WHAT TO DO: Produce the records again in full, exactly as shown below.

---------- MATERIAL FOR THIS EXERCISE ----------

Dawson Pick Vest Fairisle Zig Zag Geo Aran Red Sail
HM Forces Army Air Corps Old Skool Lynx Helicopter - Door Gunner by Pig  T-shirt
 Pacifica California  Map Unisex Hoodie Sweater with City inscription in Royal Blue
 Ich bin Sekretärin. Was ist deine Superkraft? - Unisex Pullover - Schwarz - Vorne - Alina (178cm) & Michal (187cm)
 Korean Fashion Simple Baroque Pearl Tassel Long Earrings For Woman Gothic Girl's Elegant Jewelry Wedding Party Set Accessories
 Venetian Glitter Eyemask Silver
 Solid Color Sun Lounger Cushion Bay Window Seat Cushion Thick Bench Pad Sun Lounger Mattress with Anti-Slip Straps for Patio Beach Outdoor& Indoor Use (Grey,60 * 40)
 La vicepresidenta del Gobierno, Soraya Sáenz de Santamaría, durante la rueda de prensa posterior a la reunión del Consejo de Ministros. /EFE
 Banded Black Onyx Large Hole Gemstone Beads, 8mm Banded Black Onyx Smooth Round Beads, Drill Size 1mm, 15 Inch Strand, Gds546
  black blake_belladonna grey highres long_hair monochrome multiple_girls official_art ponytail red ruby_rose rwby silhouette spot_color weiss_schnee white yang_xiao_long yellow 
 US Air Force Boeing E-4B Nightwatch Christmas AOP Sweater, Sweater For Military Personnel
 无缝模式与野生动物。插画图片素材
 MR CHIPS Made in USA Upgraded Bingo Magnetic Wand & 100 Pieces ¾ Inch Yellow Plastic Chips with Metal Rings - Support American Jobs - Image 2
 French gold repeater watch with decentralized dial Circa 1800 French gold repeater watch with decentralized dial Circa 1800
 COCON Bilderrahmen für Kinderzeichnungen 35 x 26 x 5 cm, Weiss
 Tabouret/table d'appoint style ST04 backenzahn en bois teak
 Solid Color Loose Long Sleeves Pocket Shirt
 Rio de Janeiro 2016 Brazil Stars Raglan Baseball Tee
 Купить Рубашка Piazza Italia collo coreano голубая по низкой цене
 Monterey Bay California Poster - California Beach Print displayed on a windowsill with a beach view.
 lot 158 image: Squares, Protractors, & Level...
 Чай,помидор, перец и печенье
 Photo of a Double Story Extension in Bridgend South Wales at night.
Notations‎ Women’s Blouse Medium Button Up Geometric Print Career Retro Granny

----------

FINAL ANSWER:
Dawson Pick Vest Fairisle Zig Zag Geo Aran Red Sail
HM Forces Army Air Corps Old Skool Lynx Helicopter - Door Gunner by Pig  T-shirt
 Pacifica California  Map Unisex Hoodie Sweater with City inscription in Royal Blue
 Ich bin Sekretärin. Was ist deine Superkraft? - Unisex Pullover - Schwarz - Vorne - Alina (178cm) & Michal (187cm)
 Korean Fashion Simple Baroque Pearl Tassel Long Earrings For Woman Gothic Girl's Elegant Jewelry Wedding Party Set Accessories
 Venetian Glitter Eyemask Silver
 Solid Color Sun Lounger Cushion Bay Window Seat Cushion Thick Bench Pad Sun Lounger Mattress with Anti-Slip Straps for Patio Beach Outdoor& Indoor Use (Grey,60 * 40)
 La vicepresidenta del Gobierno, Soraya Sáenz de Santamaría, durante la rueda de prensa posterior a la reunión del Consejo de Ministros. /EFE
 Banded Black Onyx Large Hole Gemstone Beads, 8mm Banded Black Onyx Smooth Round Beads, Drill Size 1mm, 15 Inch Strand, Gds546
  black blake_belladonna grey highres long_hair monochrome multiple_girls official_art ponytail red ruby_rose rwby silhouette spot_color weiss_schnee white yang_xiao_long yellow 
 US Air Force Boeing E-4B Nightwatch Christmas AOP Sweater, Sweater For Military Personnel
 无缝模式与野生动物。插画图片素材
 MR CHIPS Made in USA Upgraded Bingo Magnetic Wand & 100 Pieces ¾ Inch Yellow Plastic Chips with Metal Rings - Support American Jobs - Image 2
 French gold repeater watch with decentralized dial Circa 1800 French gold repeater watch with decentralized dial Circa 1800
 COCON Bilderrahmen für Kinderzeichnungen 35 x 26 x 5 cm, Weiss
 Tabouret/table d'appoint style ST04 backenzahn en bois teak
 Solid Color Loose Long Sleeves Pocket Shirt
 Rio de Janeiro 2016 Brazil Stars Raglan Baseball Tee
 Купить Рубашка Piazza Italia collo coreano голубая по низкой цене
 Monterey Bay California Poster - California Beach Print displayed on a windowsill with a beach view.
 lot 158 image: Squares, Protractors, & Level...
 Чай,помидор, перец и печенье
 Photo of a Double Story Extension in Bridgend South Wales at night.
Notations‎ Women’s Blouse Medium Button Up Geometric Print Career Retro Granny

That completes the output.